Feb 2 | March 26, 2013

The title of the exhibition refers to the various meanings of one of the words in the definition ‘still life’. These include ‘calm’, ‘tranquillity’, but also ‘something that continues to take place’, or, ‘yet’. With this word, Rasmus Nilausen (Copenhagen, 1980) covers many of the fundamental aspects of his work, from the different genres present in his paintings to the fact he returns, once again, to painting still lives, or the artistic will to continue with the investigation of figurative painting’s language and the traditional medium of oil on canvas.

Still life is chosen as the main subject for his paintings due to its apparent humbleness, as well as its fundamental, ever-present role in the history of painting. Furthermore, dealing with each of its elements separately allows the artist to broaden his operating range, both visually and conceptually. It is almost like a cut and paste of multiple personal, cultural, or simply casual references, which are superimposed on the canvas.

The grouping of food and objects allows for strange combinations where each element gains new meaning (for example, the carrot is a recurring element which for the artist is a symbol of motivation), as they are organised in a way that reminds us of spaces in metaphysical paintings or Suprematist compositions, and incorporate elements loaded with topicality or irony (a lamppost, a chessboard, a Pikachu). These in turn coexist on the canvas with accidents and chance, blots and colour stains, accidental discoveries that the painter integrates into the work.

Worth noting are also the works about Mike the Headless Chicken, who during the 40s of the past century was an object of attention for Time magazine, due to having survived 18 months after being decapitated before choking to death in a motel room.

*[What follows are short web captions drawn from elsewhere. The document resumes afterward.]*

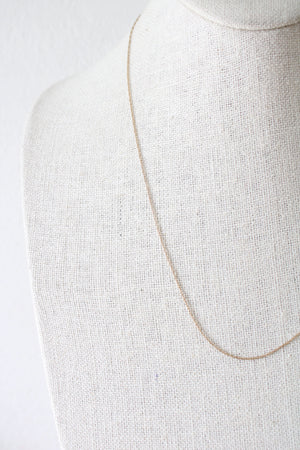 585 Yellow Gold Delicate Chain Necklace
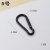 Electrophoresis Black No. 5 Climbing Button Carabiner Alloy Camping Equipment Outdoor Supplies Epidemic Prevention Sannitizer Replacement Bottle Quick Buckle Keychain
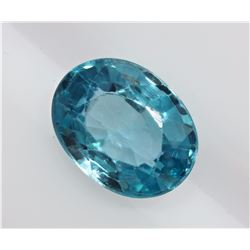 13) GENUINE RARE BLUE ZIRCON GEMSTONE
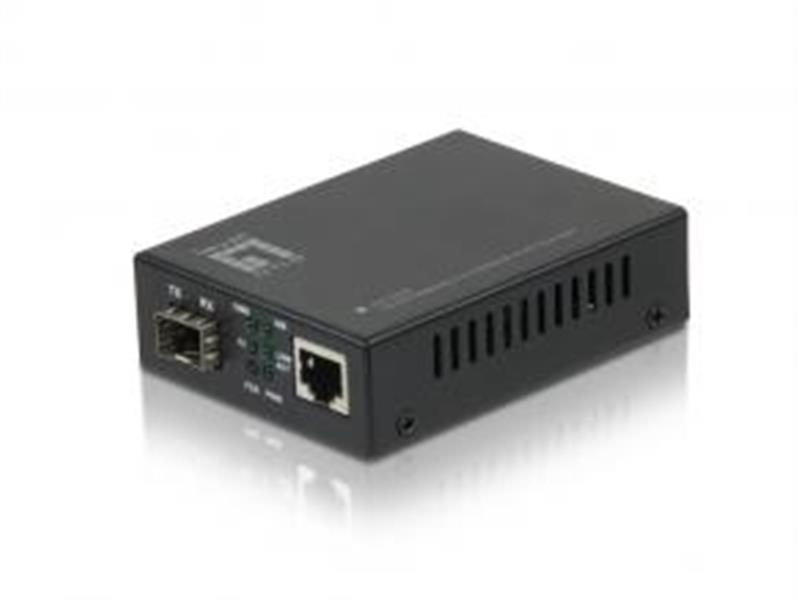 LevelOne GVT-2000 netwerk media converter 1000 Mbit/s Multimode Zwart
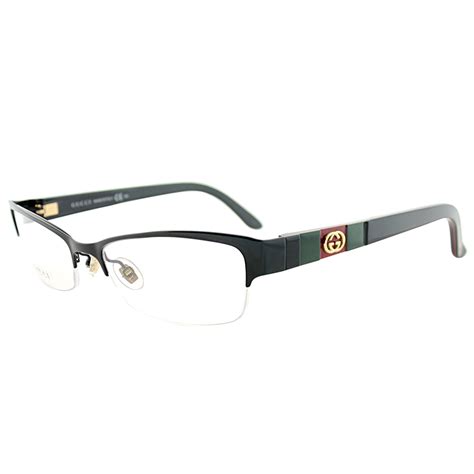 gucci semi-rimless round plastic optical glasses|transparent Gucci glasses.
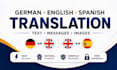 translate english german texts and images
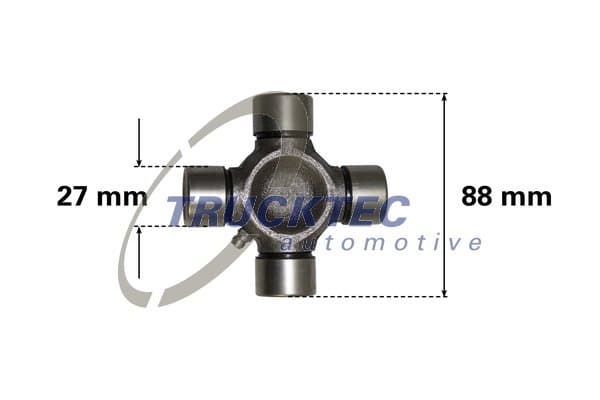 TRUCKTEC AUTOMOTIVE 02.34.044 Kardaninio veleno jungtis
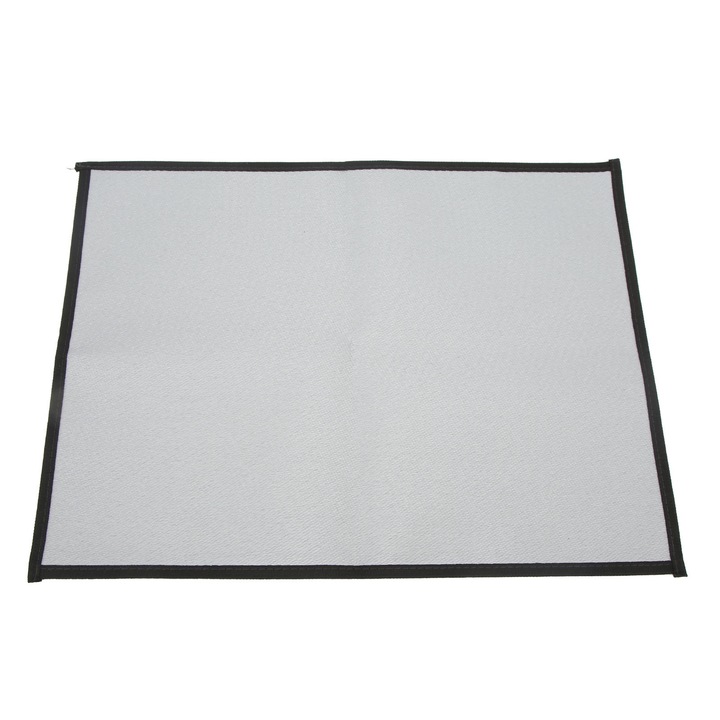 Tampa ignifuga Enforose, din fibra de sticla si silicon, rezistenta la temperaturi inalte, 60x90cm, pentru camping si BBQ, set cu sac de depozitare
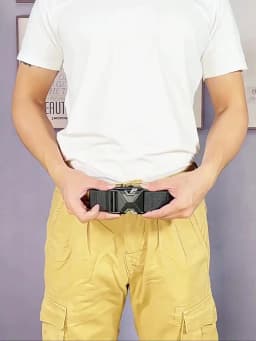 New Quick Release Metal Pluggable Buckle Tactical Belt Breathable Elastic Military Belts For Men Stretch Pants Waistband Hunting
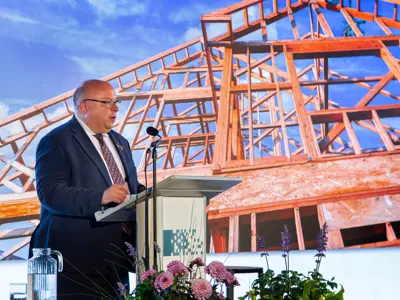 The Mayor delivering his State of the City speech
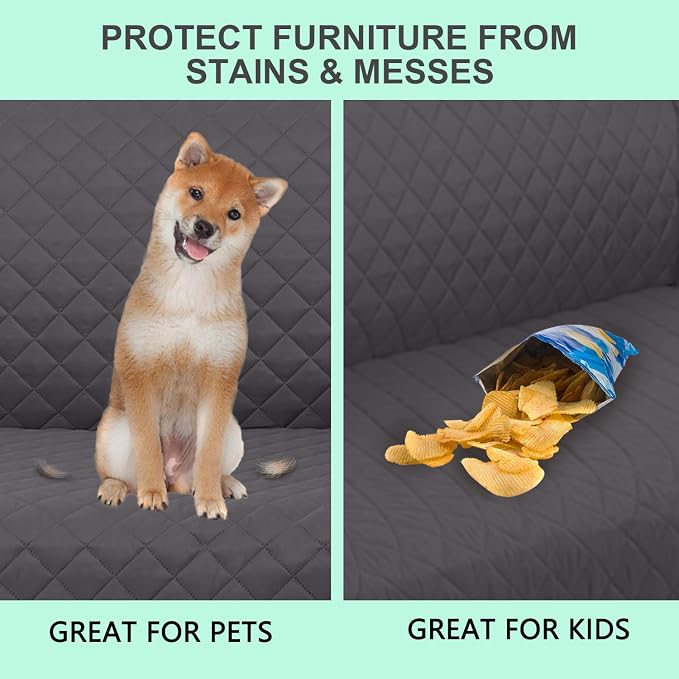Reversible Loveseat Sofa Covers Couch Cover Furniture Protector - Image 5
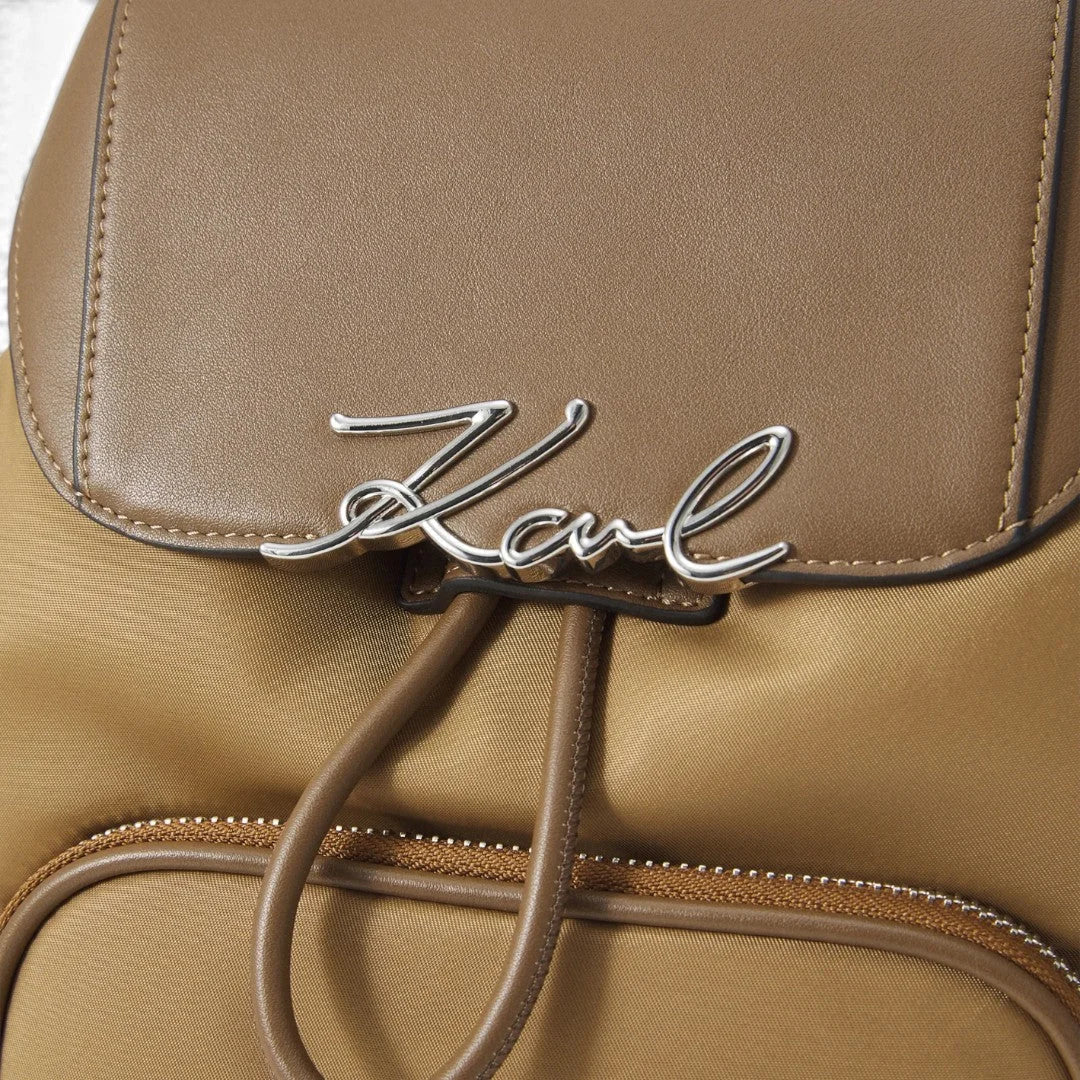 Karl Lagerfeld Paris K-Signature Backpack Bag Women TUP-KB118 - Taupe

Among the different themes, special attention is to be paid to the series dedicated to diamonds, which Nilausen has now been working on for some time. In some cases, these are real and well-known stones with a story of their own, famous even, while others are his exclusive creations. The diamonds are repeatedly presented in an oval shape reminiscent of a portrait, and in a way this is what they are. That same oval shape led him to research into the recurring presence of the Harlequin pattern, a rhombus or diamond shape, which appears repeatedly throughout the history of painting, and since then also in his own.